After building a convnet and applying learn.fit_one_cycle(4), prior to any fine-tuning, what’s the learning rate used by default? Is it a default constant or does it try to pick an appropriate value?

(kelvin chan) #1316

I have yet to read the code in details. But I used to see this in Keras if you “recompiled” your model after each .fit. If I transfer the knowledge from there, I speculate it maybe due to optimizer statefulness. Optimizers such as Adams and batchnorm layers track histories (e.g. exp avg of the gradients).
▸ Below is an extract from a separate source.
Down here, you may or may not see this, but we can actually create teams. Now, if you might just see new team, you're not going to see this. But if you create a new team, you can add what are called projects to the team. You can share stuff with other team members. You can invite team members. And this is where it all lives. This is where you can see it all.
If these aren’t kept inbetween .fit, then u will see that behavior.

Again, I ain’t fastai codebase expert and I wait for better folks to give Insights.

(Taher Ali) #1317

hi raimanu-ds have you find solution for this .


No I haven’t. I would be interested to know how though ^^

The only ways I was able to load other datasets so far were through uploads using Colab’s GUI, CLI commands in Colab or Kaggle’s API and feed it through ImageDataBunch.from_folder().

(Taher Ali) #1319

Please write it here . if you find solution for this


I found on this forum you should change the regular expression pattern to something else if you are on windows:
pat = re.compile(r’\([^\]+)_\d+.jpg$’)
this works for me!

(David) #1321

The fit_one_cycle function uses a max learning rate: max_lr(): the default value is 0.003 (or 3e-03).
Check the docs for more info.

(Agatha) #1322

I’m actually not really sure what this error is or if the output below the warning(?)/error(?) message is the one-preloaded with the notebook, or the actual one I’m running right now.
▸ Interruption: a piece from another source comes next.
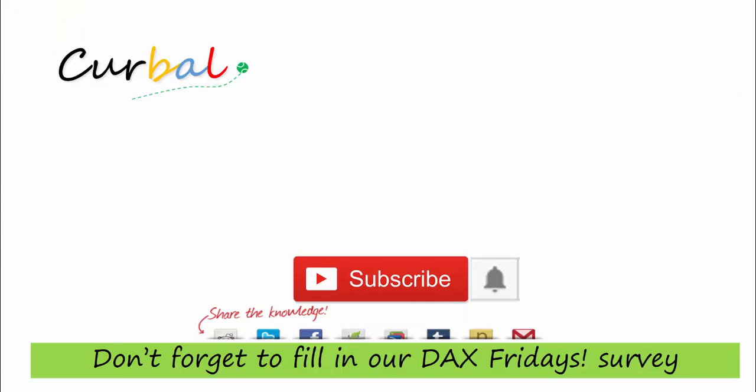So this is actually all for this Friday. If you like the video let me know by liking it or sharing it. If you have any comments, questions, or suggestions about the video, just let me know in the comment box. And subscribe—I publish Power BI videos every week. Don't forget to fill in our DAX Friday survey.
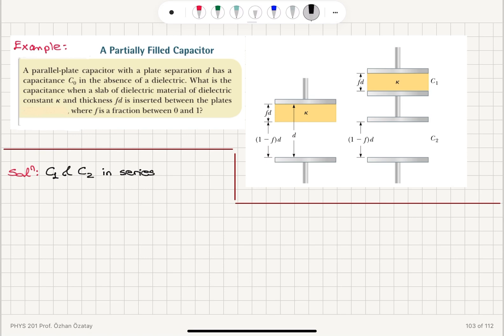For the series connection, the equivalent capacitance is the product of the capacitances C1 times C2 divided by the sum C1 plus C2.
I don’t really get why the ‘lower’ attribute had an error, that just lowercases the what I assume is a string right for ‘front_end’? Has anybody reported on this bug before?

*As an added note, I’m running on my own machine running Ubuntu 18.04, and I followed the installation instructions for AWS.

(Osam) #1323

I unfroze the model and “trained more layers” but used 4 epochs instead of 1. The model came out more accurate. The time lost in training was about 15 secs.


Hi all,

I am running the jupyter notebook on my own computer. After running the learn.fit_one_cycle(4) part of the code, the next cell next (learn.load(‘stage-1’) does not run properly. It kind of gets stuck. I can not interrupt my kernel anymore, the only solution is to restart it, but then I also lose all of my data. Does anyone have an idea how I can fix this?

I am using Jupyter notebook 5.7.4, python version 3.7.1, fastai 1.0.38 and pytorch 1.0.0.

~ Sophie

(chandan ) #1325

check if you have imported the fastai library properly

(Parth ) #1327

I do not know if this is the right place to ask this question. After implementing this lecture, I wonder how would I go on to train a classifier with multiple classes which can detect all of those classes if given in a single image for prediction? I have seen somewhere those bounding boxes which detect multiple classes in a single image. Is it a completely different task or this tutorial can be extended to do something like that?


Hi :wave:t3:,
You will learn more about this in Lesson 3 :wink:

(Parth ) #1329

Thanks for reply. I have actually seen that lecture. There Jeremy discusses about multi-label classification. I was asking - for example, if I have trained my model to classify 10 celebrities and if I give a group photo or something like that does model can identify different celebrities in it(with where the person is)? How would that generally work?


I have just started with the first lesson of DL part 1. I would be interested in DL applications for de novo design.